その期待に応えるかのように、自慢のV8は咆哮とともに怒濤の加速を見せてくれた。兄たちへの気遣いからか、上級「SL63AMG」に比べると最高出力は68psも控えめだが、その勢いは痛快そのもの。しかも、新次元のハンドリング性能を手に入れたCクラスがベースなだけに、俊敏さにかけては兄たちが一目置く存在に仕上がっている。
もっともピュアなスポーツ性
そのスポーティさと引き換えに、乗り心地は明らかに硬めの味つけ。4ドアサルーンではあるが、ファミリーに歓迎されるような快適さは少々犠牲にされている。

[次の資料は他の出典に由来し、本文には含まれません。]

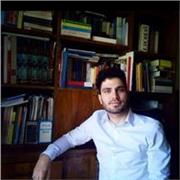 Spiros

しかしこのクルマでは、すべてをカバーしようなどと欲張らないほうがいい。ときにボディを振り回しながらひとりで楽しむ、1000万円超の、いわば贅沢かつ過激なおもちゃなのだから。
このあたり、見た目とは裏腹に、案外快適な性格をもつほかの“63AMG”とはちがっている。だが一方で、C63AMGはある意味もっともピュアにAMGのスポーツ性を表現したモデルということもできるだろう。
C63AMGは、Cクラスの最上級グレードというよりも、“63AMGクラス”におけるとびきりスポーティなモデルと位置づけられる。AMGのみならず、ほかのブランドにも、なかなか見つけられないタイプのクルマだ。